Tax policies for company registration in Thailand:
Companies that are registered as per CCC, as well as the foreign companies that are carrying some business activities in Thailand via branch or regional office, are subjected to corporate income tax. The list includes branch profits, remittance taxes and withholding taxes. Other than this, the company may also need to register the business for the VAT formalities. There are few specific types of business taxes that are applied over certain business transactions such as sales of immovable assets, interest on loans and banking business. The stamp duty can be levied over a few specific types of instruments and contracts. Few other taxes in the category include excise tax, customs duty, signboard tax and property tax.

The tax incentives and tax exemptions are also provided to different types of entities, and the benefits may vary as per the conditions of different tax privileges. The main tax law applicable to a variety of foreign businesses in Thailand is the Thai Revenue Code. It governs stamp duty, specific business tax, VAT, and corporate income tax. Furthermore, the Custom Duties are covered under the Customs Act, Excise Tax under the Excise Act and Petroleum Income Tax under the Petroleum Income Tax Act.

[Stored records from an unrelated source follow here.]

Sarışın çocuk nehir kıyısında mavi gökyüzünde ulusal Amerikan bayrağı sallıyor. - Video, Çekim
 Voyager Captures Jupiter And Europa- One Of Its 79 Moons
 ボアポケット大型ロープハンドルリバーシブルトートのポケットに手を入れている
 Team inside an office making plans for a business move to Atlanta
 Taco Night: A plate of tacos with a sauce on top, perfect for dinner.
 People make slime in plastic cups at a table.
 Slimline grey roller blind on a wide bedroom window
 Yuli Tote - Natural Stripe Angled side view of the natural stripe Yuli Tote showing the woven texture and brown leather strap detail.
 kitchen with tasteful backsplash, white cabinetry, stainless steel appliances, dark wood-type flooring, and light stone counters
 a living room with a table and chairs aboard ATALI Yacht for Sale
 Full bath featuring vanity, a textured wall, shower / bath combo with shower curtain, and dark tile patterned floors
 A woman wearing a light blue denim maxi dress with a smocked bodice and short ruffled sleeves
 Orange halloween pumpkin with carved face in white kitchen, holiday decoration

The corporate income tax is generally levied overall foreign and Thai companies. The foreign company has to pay taxes only over Thai-source income whereas the local company has to pay tax over worldwide income. The corporate tax rate is somewhere around 20% over net profits, and it is calculated by cutting down all the expenses as well as costs of the sold goods. On the other side, petroleum companies pay tax over net profits at an estimated rate of 50%.

The foreign company branches pay income tax as per the rate mentioned under corporate income tax; however, it is applicable over Thai source profit only. Other than this, the branch is also liable for a 10% levy over remitted profits. If it is not possible to determine profits, the official assessment can be made on the basis of 5% of the gross receipts.